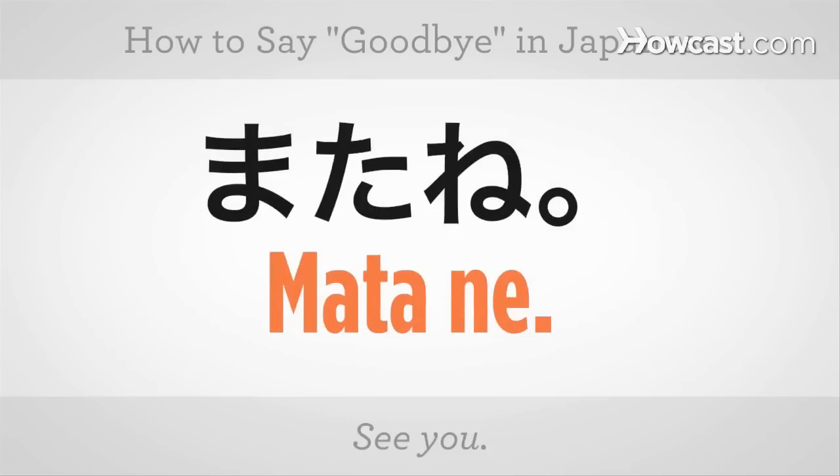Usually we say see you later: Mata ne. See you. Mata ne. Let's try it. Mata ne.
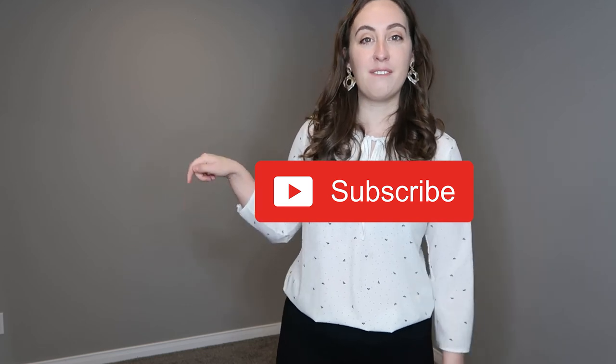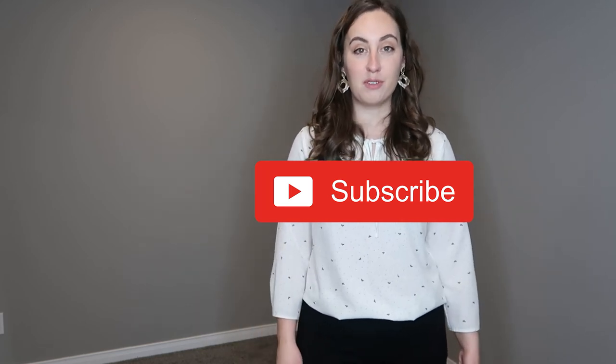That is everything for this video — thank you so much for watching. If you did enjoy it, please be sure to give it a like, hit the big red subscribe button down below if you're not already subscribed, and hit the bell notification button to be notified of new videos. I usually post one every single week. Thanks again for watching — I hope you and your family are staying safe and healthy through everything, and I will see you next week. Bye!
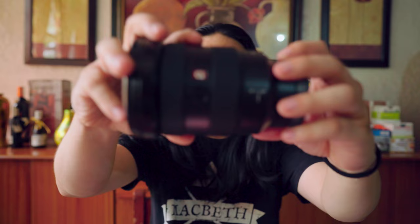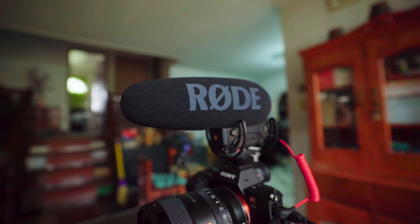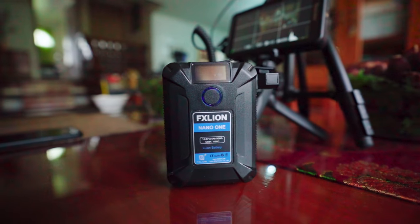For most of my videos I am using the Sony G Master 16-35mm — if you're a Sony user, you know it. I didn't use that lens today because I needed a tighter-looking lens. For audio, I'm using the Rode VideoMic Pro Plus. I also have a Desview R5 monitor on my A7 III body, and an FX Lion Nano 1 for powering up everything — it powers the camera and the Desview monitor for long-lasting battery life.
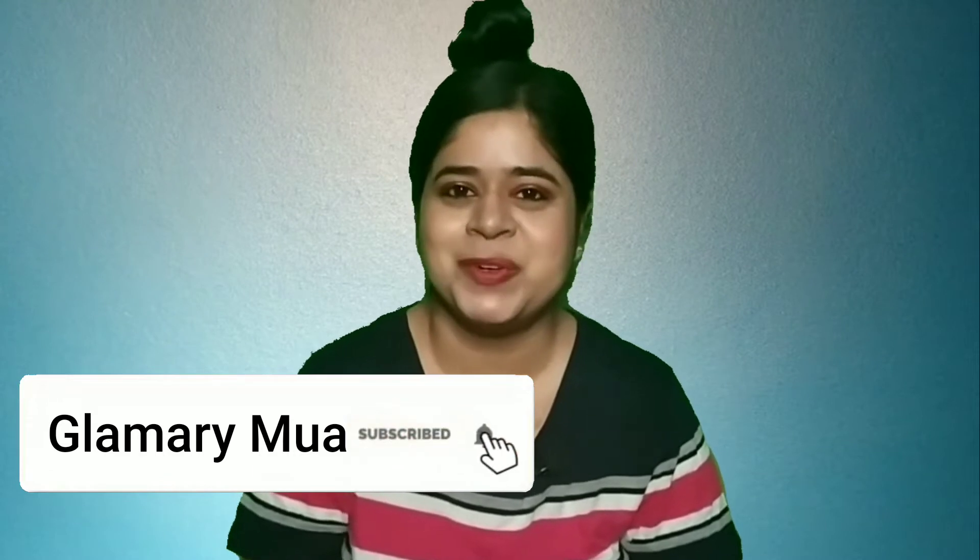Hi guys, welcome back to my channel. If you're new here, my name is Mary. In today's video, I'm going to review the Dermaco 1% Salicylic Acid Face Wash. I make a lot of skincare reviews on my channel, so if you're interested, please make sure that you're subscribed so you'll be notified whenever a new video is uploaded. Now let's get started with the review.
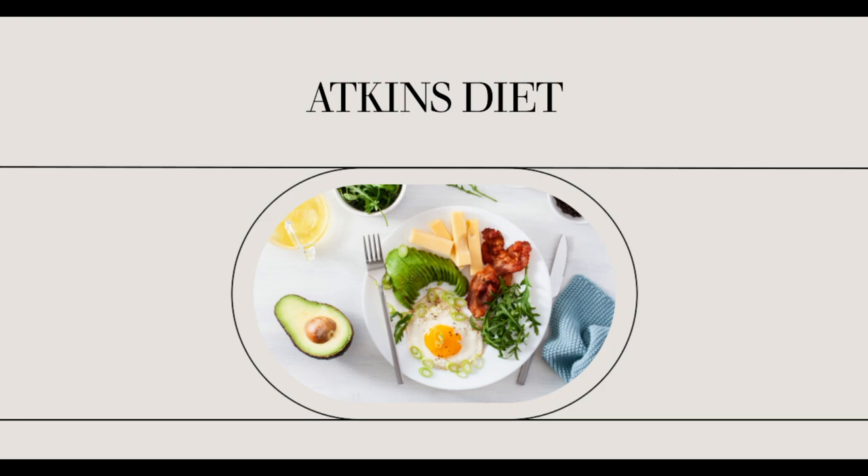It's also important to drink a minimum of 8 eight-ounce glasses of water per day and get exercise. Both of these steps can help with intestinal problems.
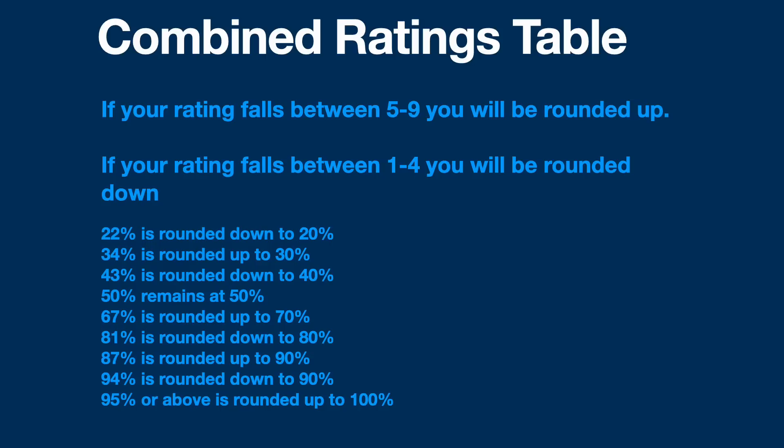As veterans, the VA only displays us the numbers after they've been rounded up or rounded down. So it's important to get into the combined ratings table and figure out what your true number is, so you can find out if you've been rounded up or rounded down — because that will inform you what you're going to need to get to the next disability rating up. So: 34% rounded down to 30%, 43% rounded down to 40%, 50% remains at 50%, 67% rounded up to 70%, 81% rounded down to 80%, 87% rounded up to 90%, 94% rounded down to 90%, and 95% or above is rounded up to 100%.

◇ ◇ ◇ ◇ ◇

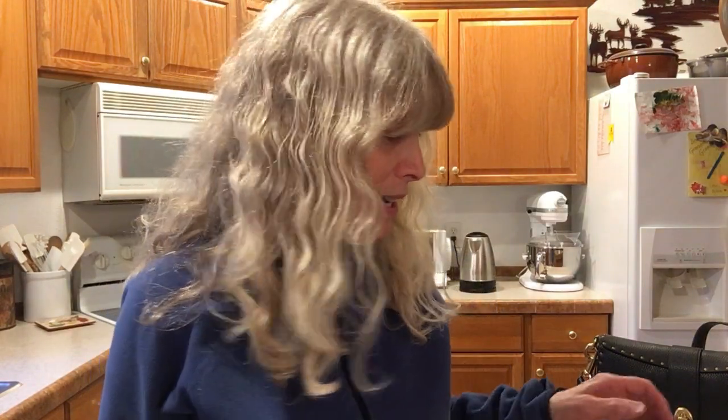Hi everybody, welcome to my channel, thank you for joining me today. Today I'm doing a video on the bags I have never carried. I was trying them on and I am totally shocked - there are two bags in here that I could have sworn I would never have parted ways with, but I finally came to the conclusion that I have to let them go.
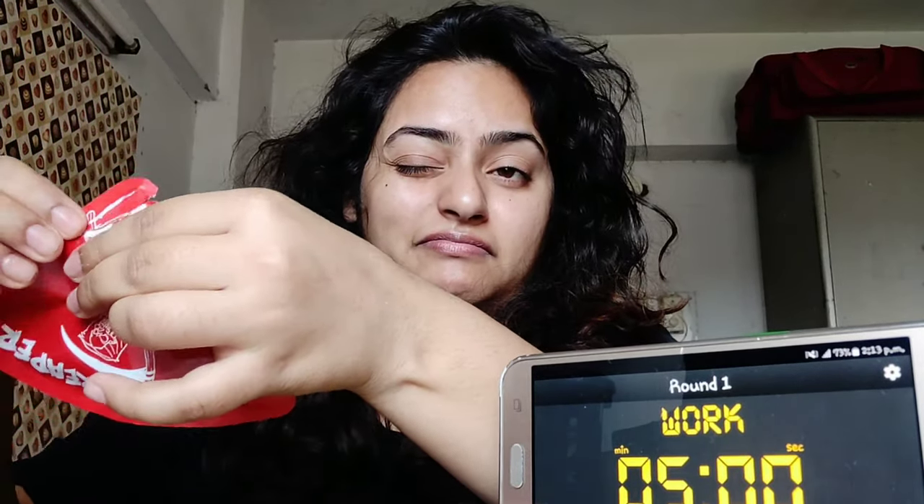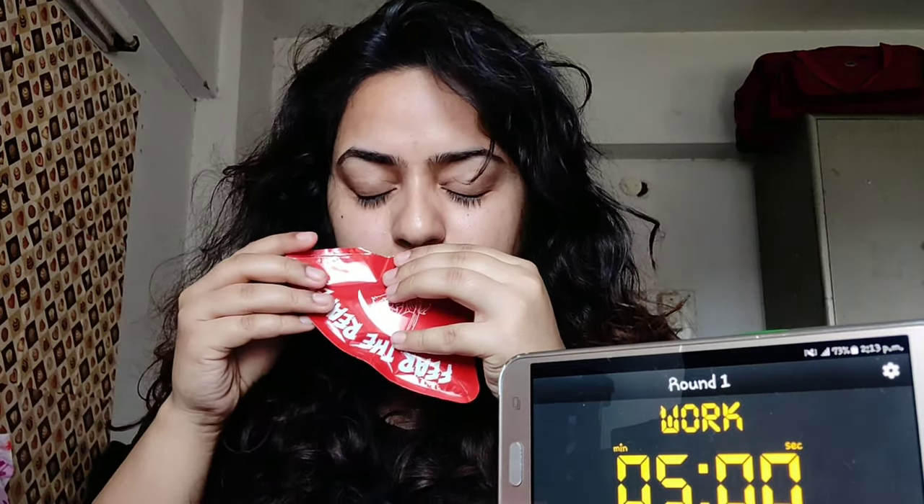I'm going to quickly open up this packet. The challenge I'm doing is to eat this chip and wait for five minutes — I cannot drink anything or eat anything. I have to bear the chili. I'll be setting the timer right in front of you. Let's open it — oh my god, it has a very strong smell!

◇ ◇ ◇ ◇ ◇

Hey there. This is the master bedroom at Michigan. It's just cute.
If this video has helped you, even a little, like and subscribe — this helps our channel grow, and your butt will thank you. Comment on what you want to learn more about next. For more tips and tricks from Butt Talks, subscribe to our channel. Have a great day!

◇ ◇ ◇ ◇ ◇

[YOUR TASK]: Above, find the line holding "Usually we say" and the line holding "That is everything". Print exactly those two lines and every line between them, but no pictures.

[SOLUTION TO THIS TASK]:
Usually we say see you later: Mata ne. See you. Mata ne. Let's try it. Mata ne.
That is everything for this video — thank you so much for watching. If you did enjoy it, please be sure to give it a like, hit the big red subscribe button down below if you're not already subscribed, and hit the bell notification button to be notified of new videos. I usually post one every single week. Thanks again for watching — I hope you and your family are staying safe and healthy through everything, and I will see you next week. Bye!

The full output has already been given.